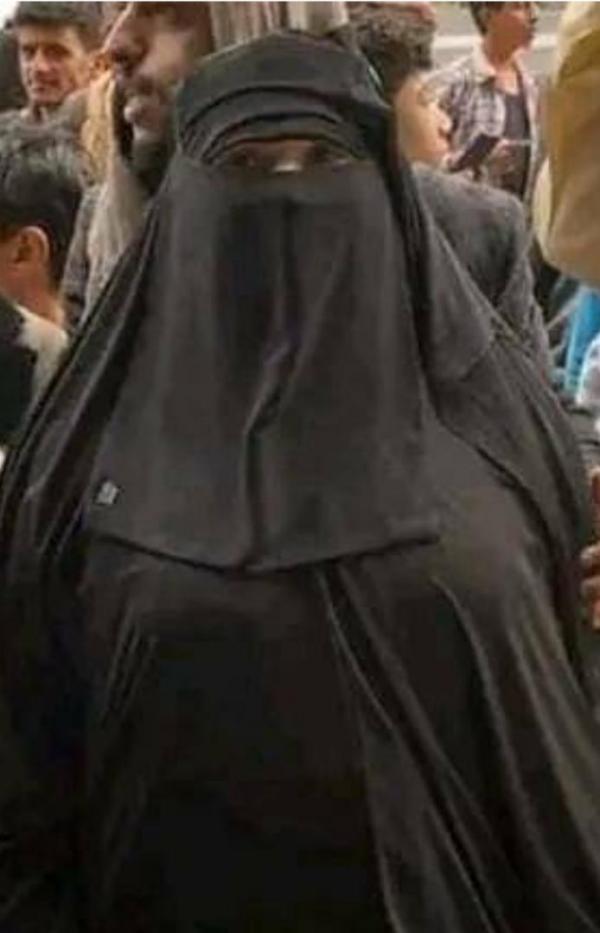 القبض على مديرة شركة وهمية يفجر خلافات بينية بين قيادات حوثية من الصف الأول 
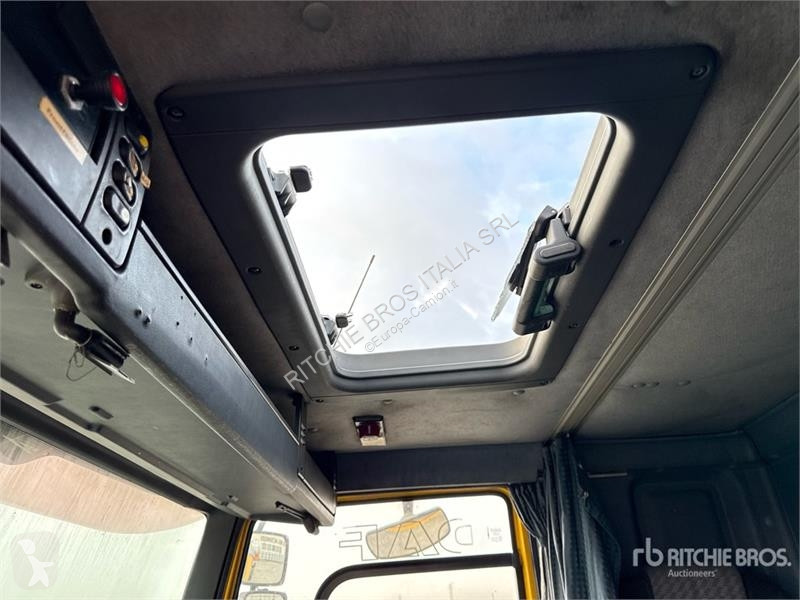 Camion DAF 180 4x2 Tow Truck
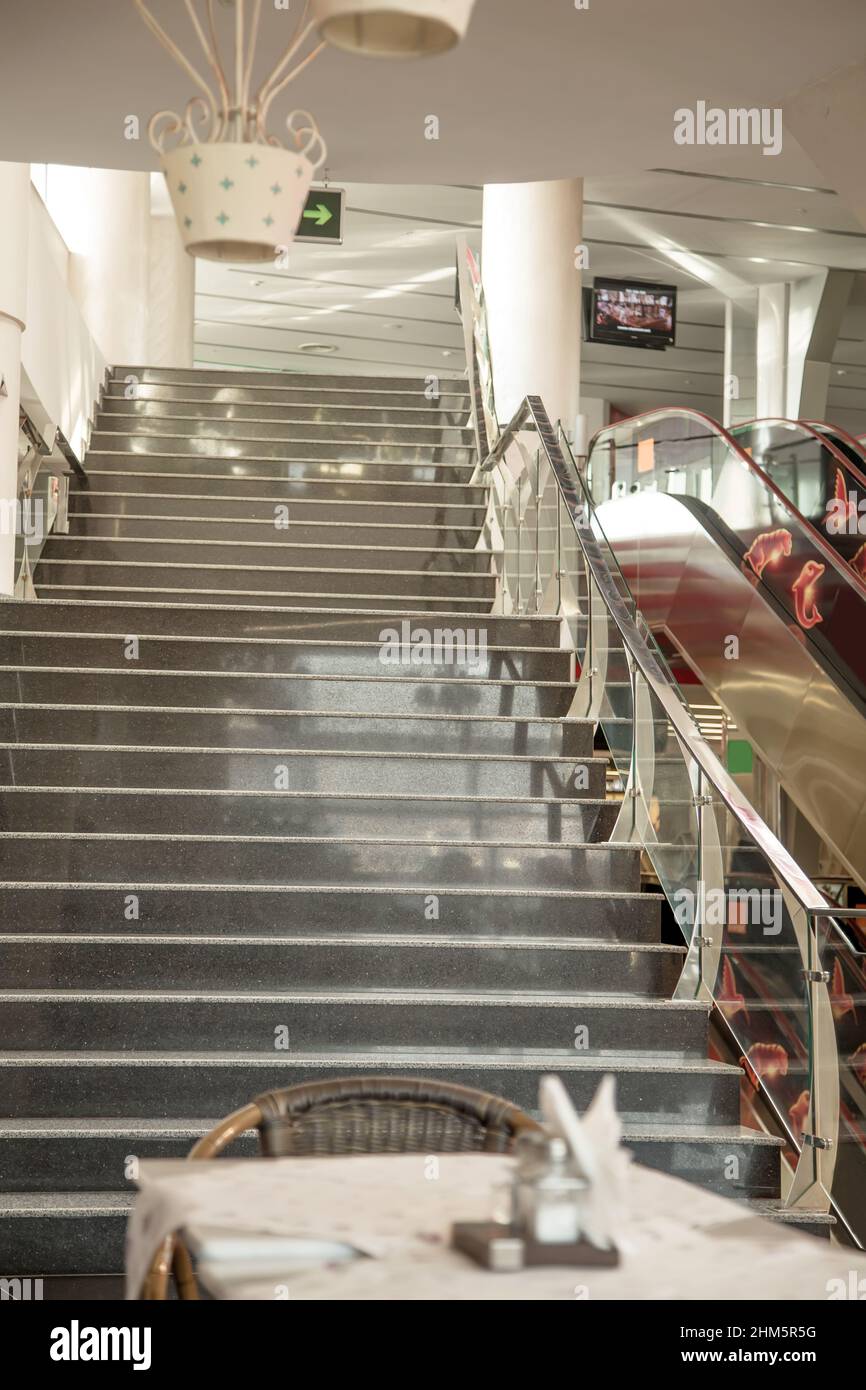 Una vista delle scale di marmo in un moderno centro commerciale o hotel Foto Stock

### Task instructions:
Extract the run of lines beginning with the line that holds "Camion DAF 180 4x2 Tow Truck" and ending at the last line of the data, inclusive. Exclude any pictures from the copy.

### Reply:
 Camion DAF 180 4x2 Tow Truck
 Una vista delle scale di marmo in un moderno centro commerciale o hotel Foto Stock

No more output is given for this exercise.